Please copy the data below exactly, from its first line through the line holding "El ayuntamiento aprueba", and skip the pictures.

◆ ◆ ◆ ◆

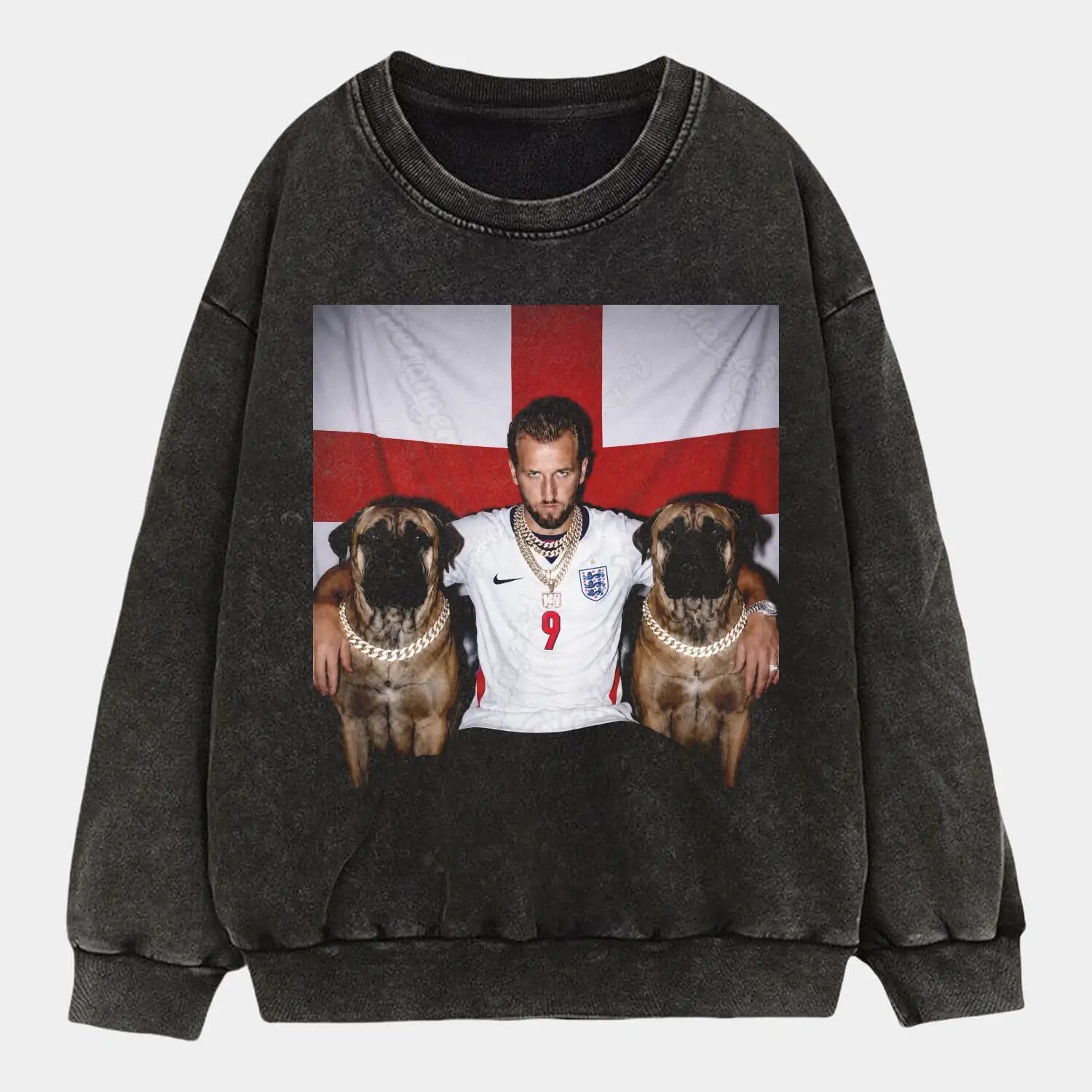 England Soccer TEE 06 - POPCHANGER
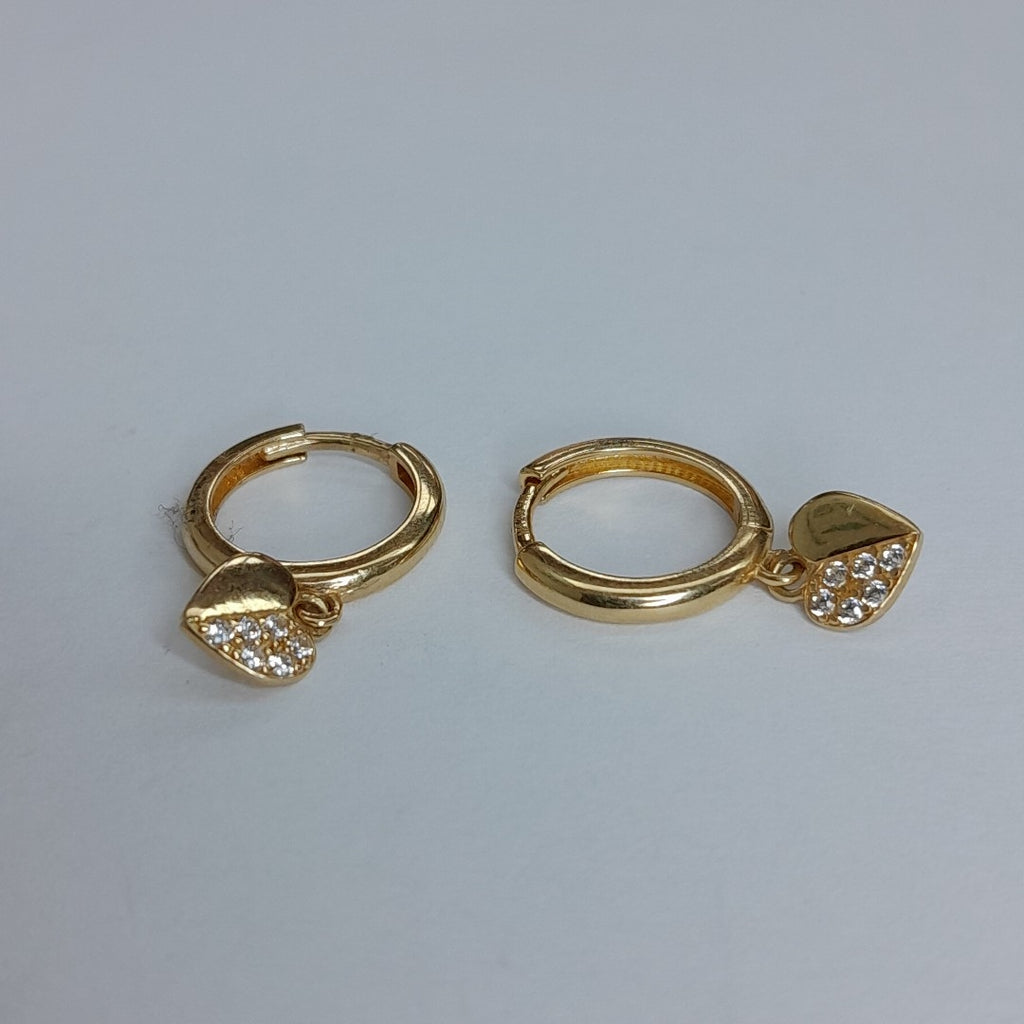 HUGGIES ORO 14K 2 (NUEVO)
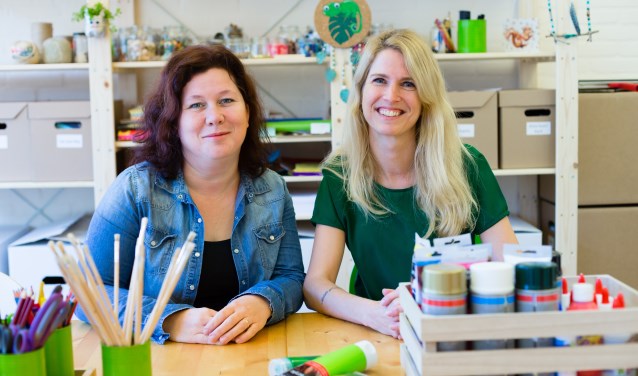 Gyöngyvér Szabó en Mariska Baalman gaan een poging doen om het Guinness Book of Records te halen.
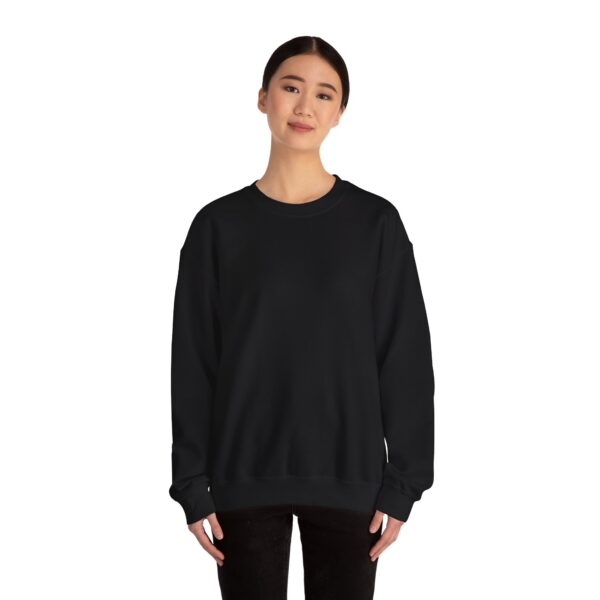 Protection, Hope, Connection - Feather Crewneck Sweatshirt - Image 5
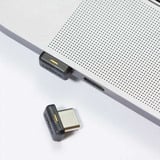 Yubico YubiKey 5C Nano, Sikkerhedsnøgle Sort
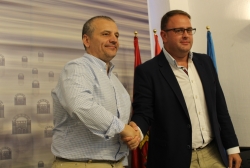 El ayuntamiento aprueba la concesión del uso del estadio a la A.D. Mérida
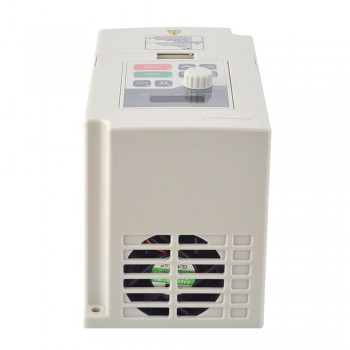 Inverter a frequenza variabile 2.2KW 3HP 20A 110V VFD Inverter per controllo velocità motore mandrino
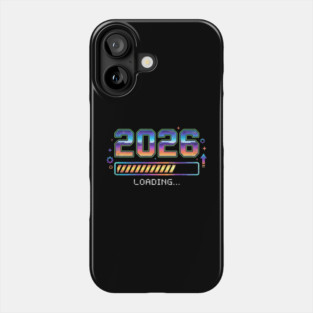 2026 Loading Phone Case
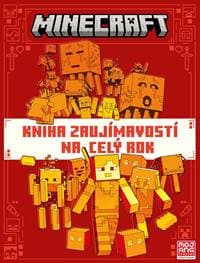 Minecraft - Kniha zaujímavostí na celý rok -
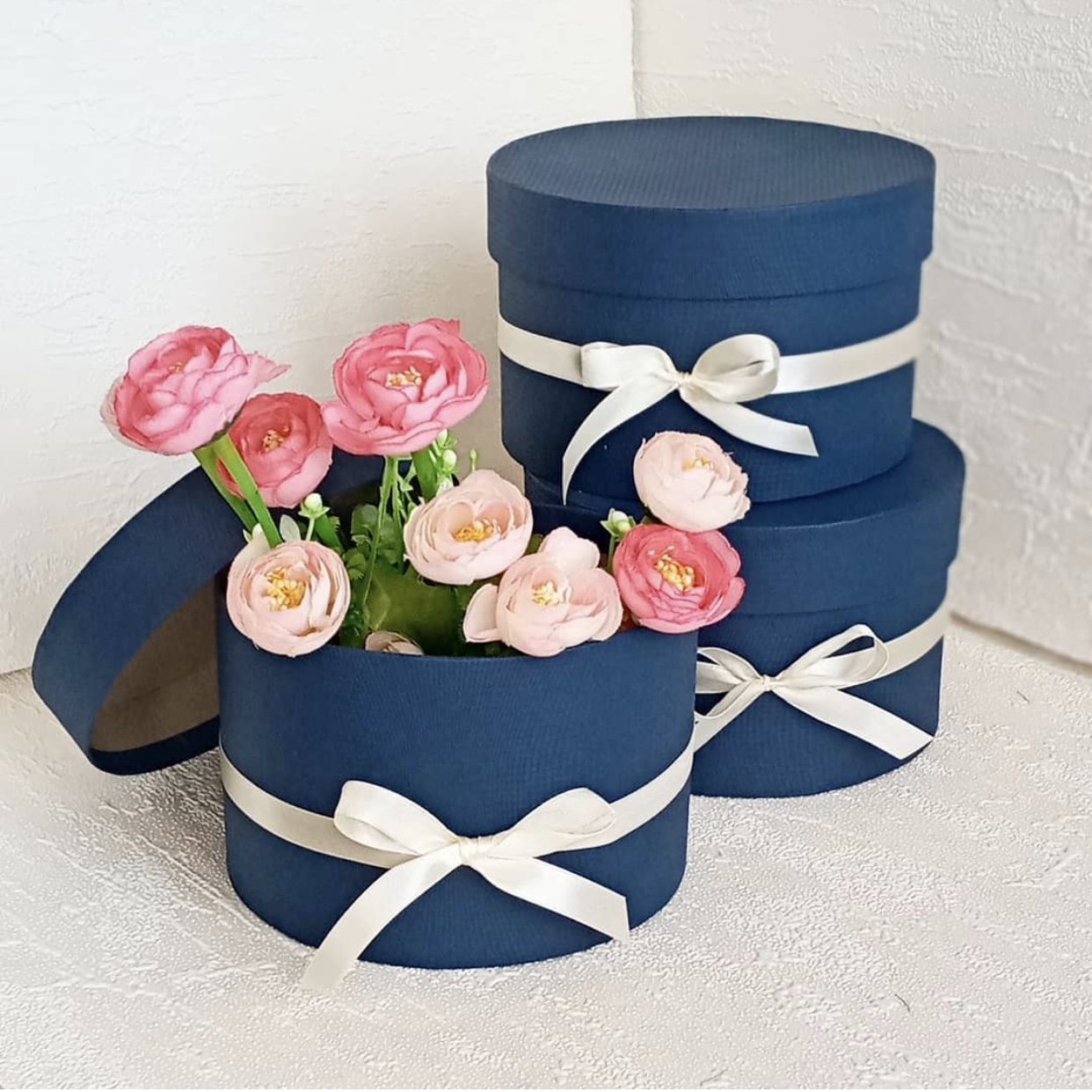 2025 Christmas Gift Box Christmas Packaging Gift Box for Mugs Gift and Flower Box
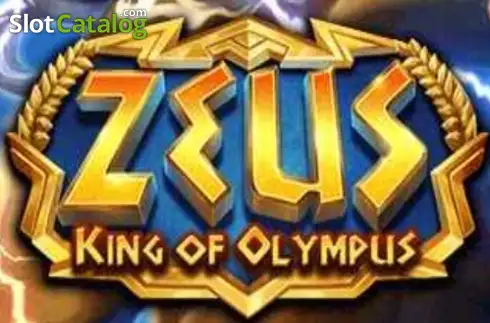 Zeus King of Olympus слот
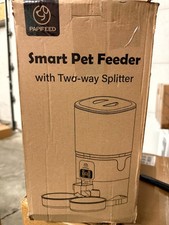 Alimentadores automáticos para gatos 7L para 2 gatos - 2.4G alimentador automático cronometrado Wi-Fi com APP Contr comprar usado  Enviando para Brazil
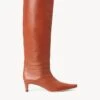 WALLY BOOT | TAN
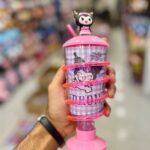مج شاليموه حلزونى كرومى M4144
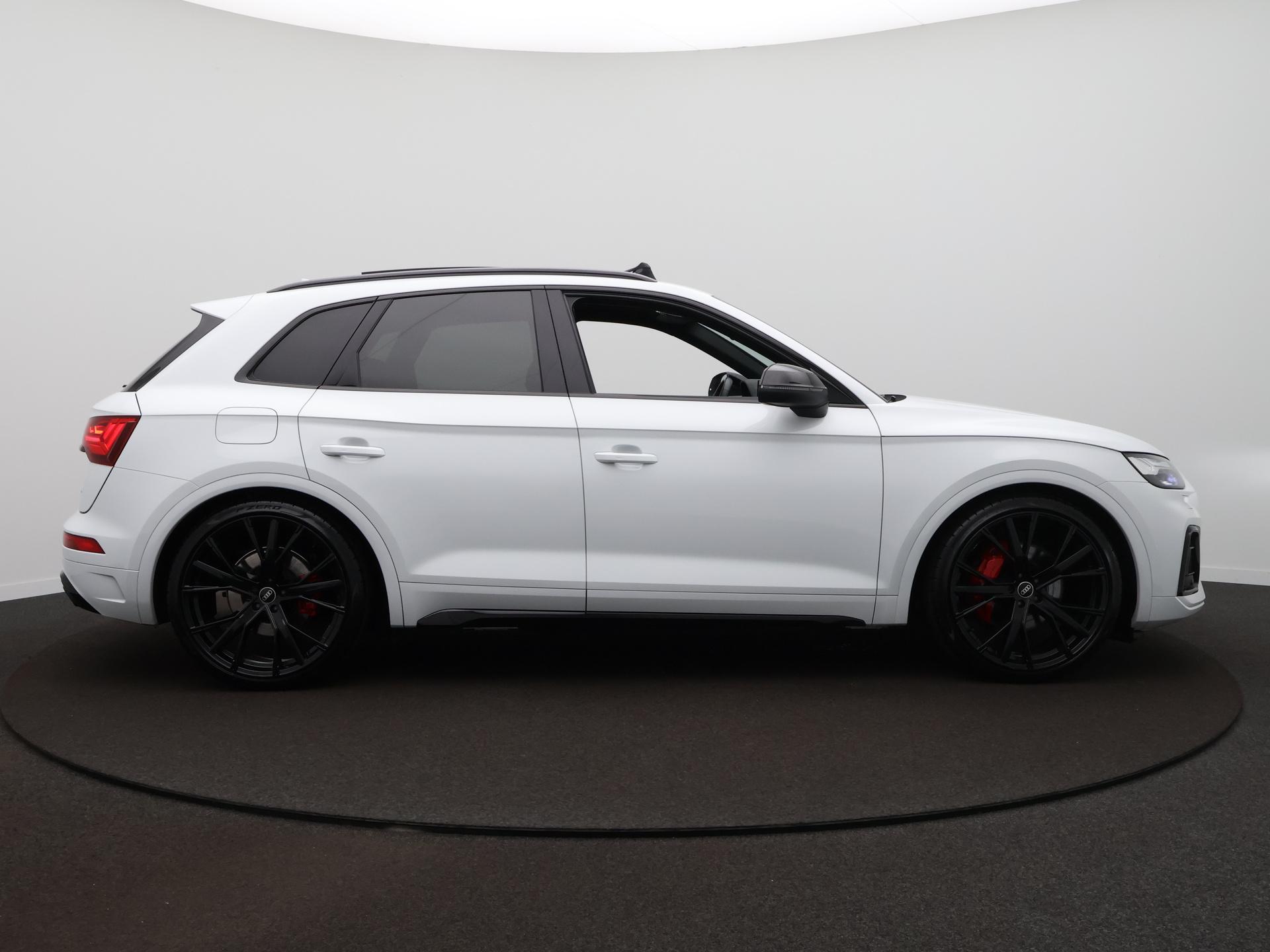 Foto van Audi Q5 50 TFSI E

◆ ◆ ◆ ◆

• [SOLUTION TO THE PROBLEM]
 England Soccer TEE 06 - POPCHANGER
 HUGGIES ORO 14K 2 (NUEVO)
 Gyöngyvér Szabó en Mariska Baalman gaan een poging doen om het Guinness Book of Records te halen.
 Protection, Hope, Connection - Feather Crewneck Sweatshirt - Image 5
 Yubico YubiKey 5C Nano, Sikkerhedsnøgle Sort
 El ayuntamiento aprueba la concesión del uso del estadio a la A.D. Mérida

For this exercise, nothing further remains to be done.